Reproduce exactly the entries from the "Parking / Garage � louer" line to the end. Skip all pictures.
──────── DATA FOR REVIEW
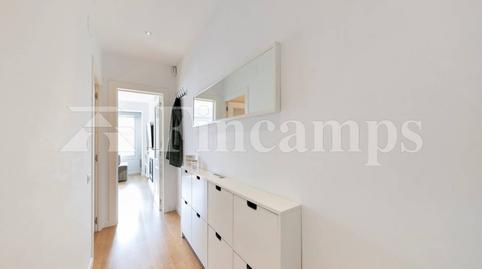 Photo 3 of Flat for sale in Calle Paco Mutlló, Creu Alta, Sabadell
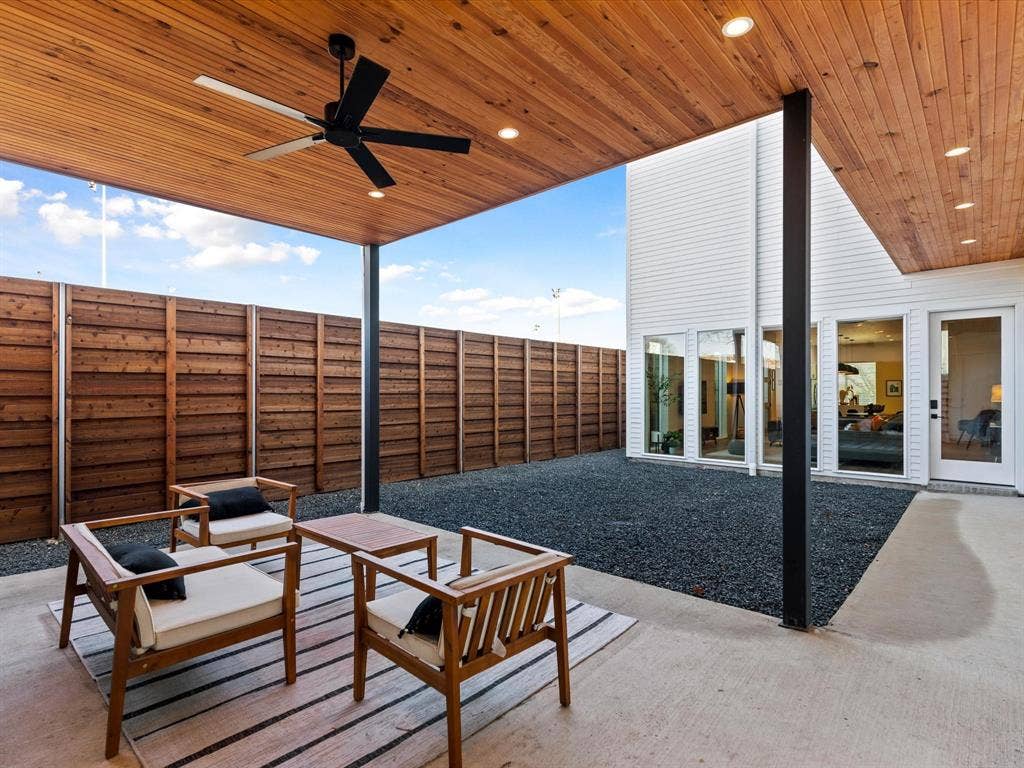401 Martinique Avenue, Dallas, TX 75223 401 Martinique Avenue, Dallas, TX 75223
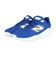 ニューバランス（new balance）【2025年モデル】野球 トレーニングシューズ 3000v7 ターフ TURF T3000TB7 2E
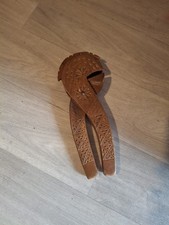 Treen folk art for sale  SWANSEA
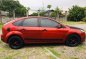 Ford Focus 2010 for sale -2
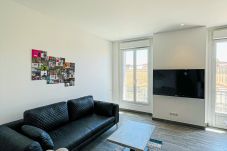 Apartamento en Cannes - Plein centre beau 2 chambres / Côté Sud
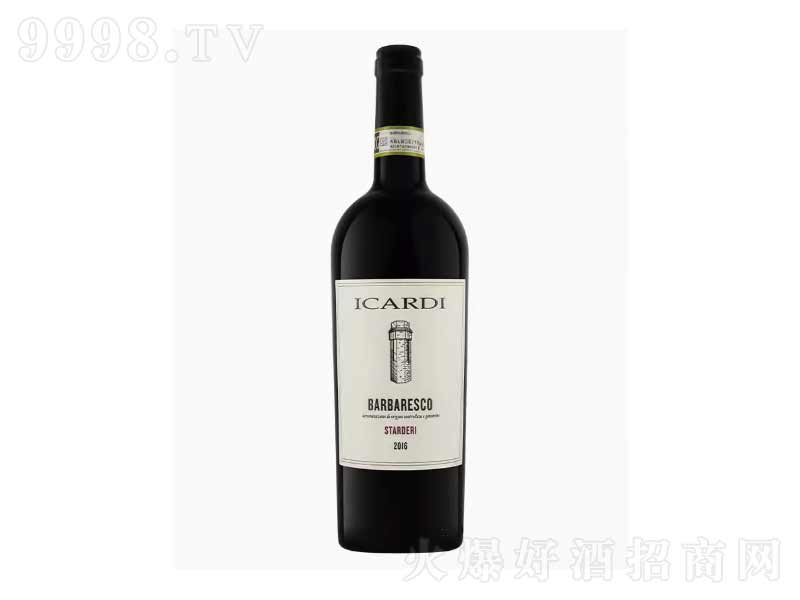 �⿨�Ͼƈ@�ǹ�@�Ű��R˹�Ƹɼt���Ѿ�750ml-�t��������Ϣ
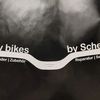mybikesbyscheib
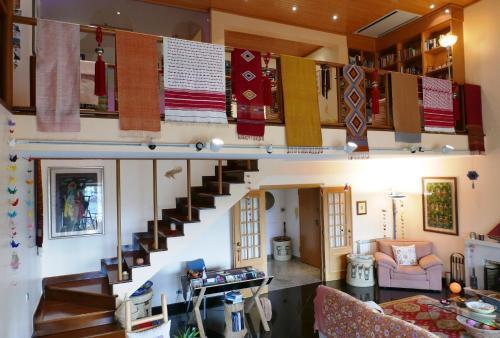 Hostal Dolce Vita Guesthouse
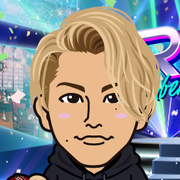 Namino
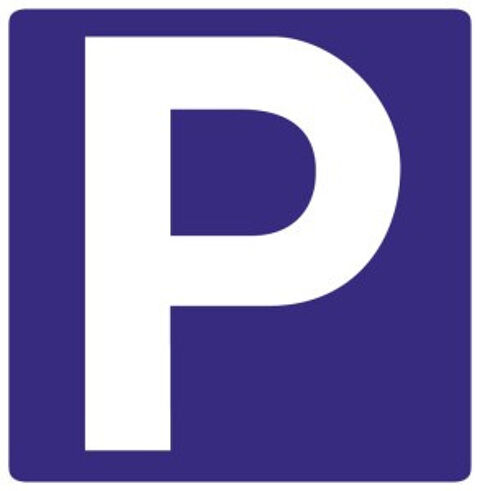  Parking / Garage � louer 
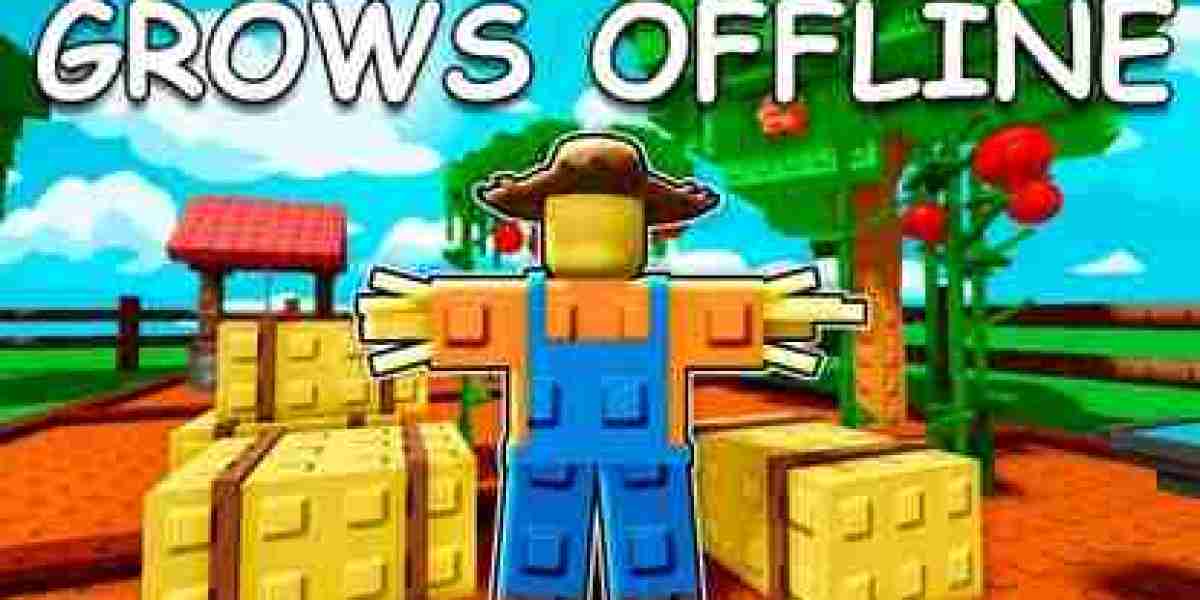 MMOexp Maximizing Profits with Banned Seeds in Roblox Grow a Garden: A 24-Hour Challenge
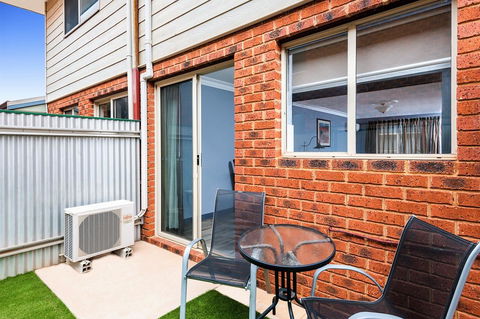 Quest Yelverton Kalgoorlie - Accommodation Guide 7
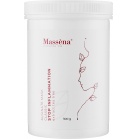 Massena Альгінатна маска Stop запалення з екстрактом чайного дерева Alginate Mask Stop Inflammation 300 г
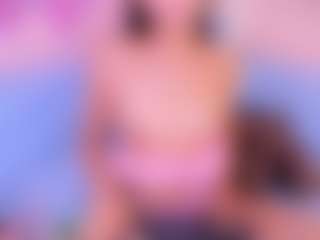 Antonella-Lucenti's Live Sex Cam Show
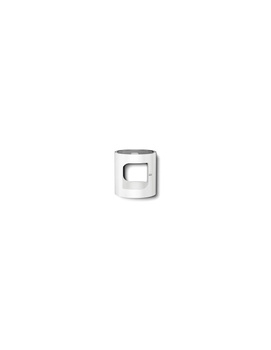 Tulejka Aspire PockeX - White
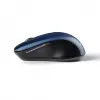 Muis Modecom MC-WM9.1 RF draadloos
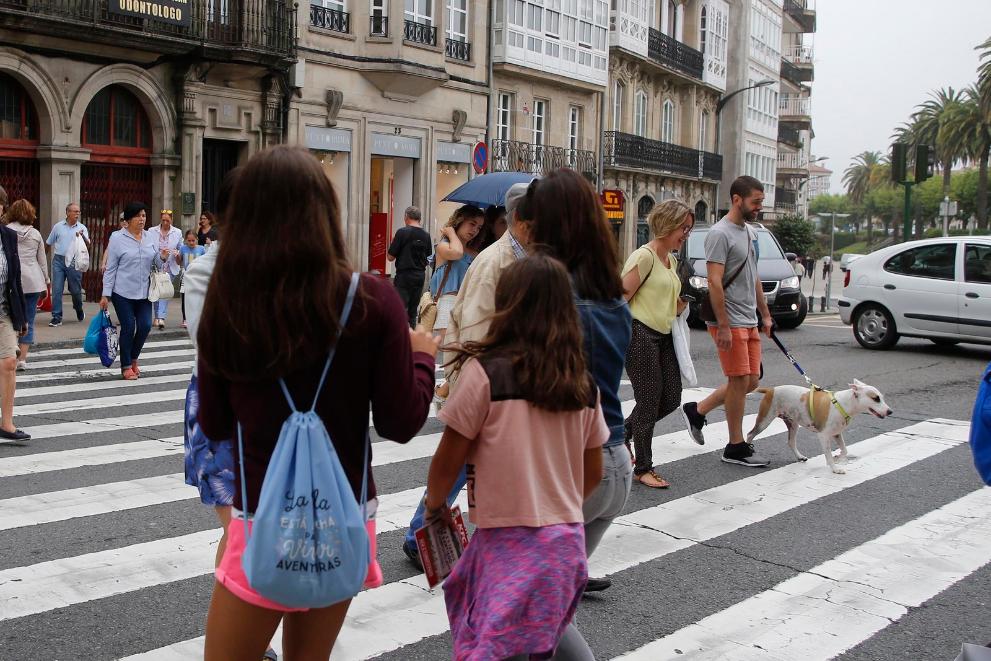 Imaxe 1 de 1 asociada á nova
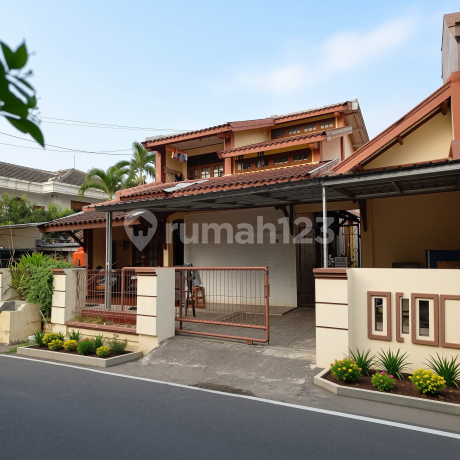 Jual Rumah dan Kosan Ini Dekat Undip Nego Plus Dapat Hadiah Liburan Kejepang Jual Rumah dan Kosan Ini Dekat Undip Nego Plus Dapat Hadiah Liburan Kejepang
────────────────
# TASK SOLUTION
  Parking / Garage � louer 
 MMOexp Maximizing Profits with Banned Seeds in Roblox Grow a Garden: A 24-Hour Challenge
 Quest Yelverton Kalgoorlie - Accommodation Guide 7
 Massena Альгінатна маска Stop запалення з екстрактом чайного дерева Alginate Mask Stop Inflammation 300 г
 Antonella-Lucenti's Live Sex Cam Show
 Tulejka Aspire PockeX - White
 Muis Modecom MC-WM9.1 RF draadloos
 Imaxe 1 de 1 asociada á nova
 Jual Rumah dan Kosan Ini Dekat Undip Nego Plus Dapat Hadiah Liburan Kejepang Jual Rumah dan Kosan Ini Dekat Undip Nego Plus Dapat Hadiah Liburan Kejepang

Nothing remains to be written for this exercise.